The findings of the UNICEF-sponsored research program dubbed REACH, which was jointly conducted by the University of Nairobi and University of Oxford and focused on the Lodwar Alluvial aquifer system revealed funding gaps as a key ingredient in improving water supply for the fast growing Lodwar Municipality and upcoming urban centers.

Speaking in Lodwar on Tuesday when he presided over the meeting attended by a team of researchers and senior county officials, to present the research finding, Turkana Deputy Governor Peter Lotethiro lauded UNICEF for supporting the research, adding that the County was moving forward towards the use of evidence approach to ensure Lodwar Town becomes water-secure in the shortest time possible before scaling the same interventions to other parts of the County.

“The research has provided sufficient data in respect to quality, quantity, and susceptibility to climate change in the Napuu aquifer through an observatory mechanism that has been in operation for the last five years,” Lotethiro said.

Turkana CEC for Water Services, Vincent Palor welcomed the findings and said that a preliminary review had shown that the suggested solutions were within the reach of the County Government and its partners to address.

Palor pointed out that the research was prompted by the need to find a lasting solution to the water supply interruptions bearing in mind the increasing demand for water arising from urbanization, mega projects like LAPSSET and the ballooning population.

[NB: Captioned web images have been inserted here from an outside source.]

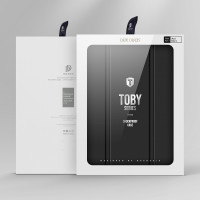 Dux Ducis Toby Eco-Leather Tablet-Ledertasche Schale Cover für iPad Mini 6 2021 mit Smart-Sleep Funktion Wake-Up Stifthalter Schutzhülle Schwarz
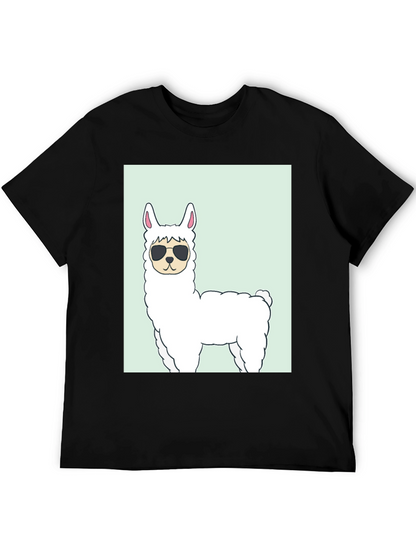 Cool Llama Graphic T-Shirt - Black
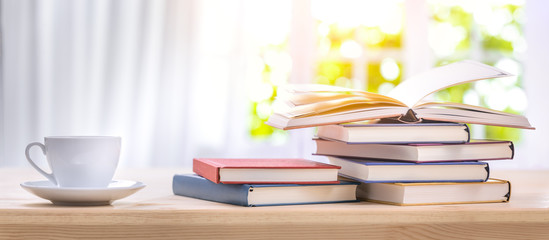 stack book on wooden table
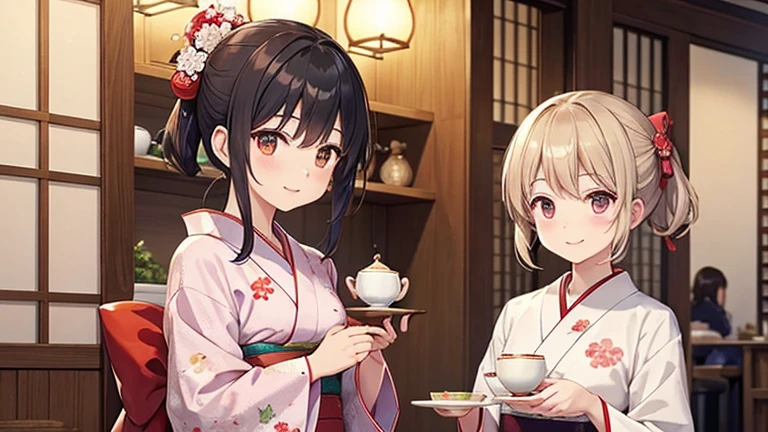A part-time worker wearing a kimono、Please draw an illustration of tea being served at a tea shop.。The woman puts a teacup on a tray.、Serve tea to customers with care。In the background is the interior of a traditional teahouse.。
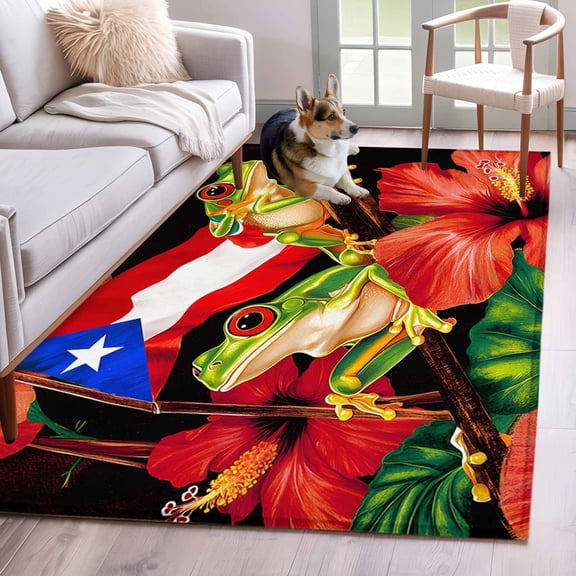 Puerto Rico Flag Area Rug 4x6 Washable Rug Non Slip Frog Red Flower Summer Leaf Large Area Rug Indoor Floor Carpet for Entryway Bedroom Kitchen Living Room Home Office Dining Room Nursery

Lead researcher in the program, Prof Daniel Olago said that the alluvial aquifer system from which Lodwar was sourcing its water had up to 1.3 billion cubic meters of water most of which were vulnerable to pollution due to sedimentation of grit and Holocene.

Prof Olago further noted that the aquifer had a robust recharge mechanism through diffusion from River Turkwel, floods and direct infiltration during the short and long rainfall seasons hence its sustainability.

The meeting participants drawn from Environment, Forestry, Academia, Humanitarian Service and the Government also discussed suggestions on how to build climate-resilient infrastructures, proper water policies and programmatic planning to attain a water-secure town.

Present in the meeting were Chief Officer of Water Services, Moses Natome, Tito Ochieng’ (Director Water), Clement Nadio (Director Environment), Elizabeth Limagur (Director Governor’s Press), and representatives of the water sector partners.